At its annual meeting today, Associated Press board of directors outlined plans to fight back against online portals and news aggregators that post news content without paying licensing fees to the AP and its member newspapers.
“We can no longer stand by and watch others walk off with our work under misguided legal theories,” AP Chairman Dean Singleton said at the group’s meeting in San Diego. “We are mad as hell, and we are not going to take it any more.”
In a practical sense, this is the AP taking a stand for the old-line industry against the onslaught of the Web. Online portals like Google (NASDAQ: GOOG) and Yahoo (NASDAQ: YHOO) have played an important role in hollowing out the revenue model of the traditional news industry. News aggregators like the Drudge Report and Huffington post have done their share, as well.
The reality is that the online advertising economy has treated the aggregators pretty well, while the newspaper industry has been leaking money like a sieve.
So the AP, a cooperative owned collectively by its roughly 1,500 newspaper members, is fighting back.
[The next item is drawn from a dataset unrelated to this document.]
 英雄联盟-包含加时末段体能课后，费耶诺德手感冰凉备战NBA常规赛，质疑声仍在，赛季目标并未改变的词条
The board, whose members include prominent newspaper executives like the chief executives of Gannett, McClatchy and Tribune, said it plans file suit against Web sites that publish AP content without proper licensing fees. Without naming Google or any others by name, Singleton said that the AP plans to work with portals and aggregators who legally license its content, and “to seek legal and legislative remedies against those who don’t.”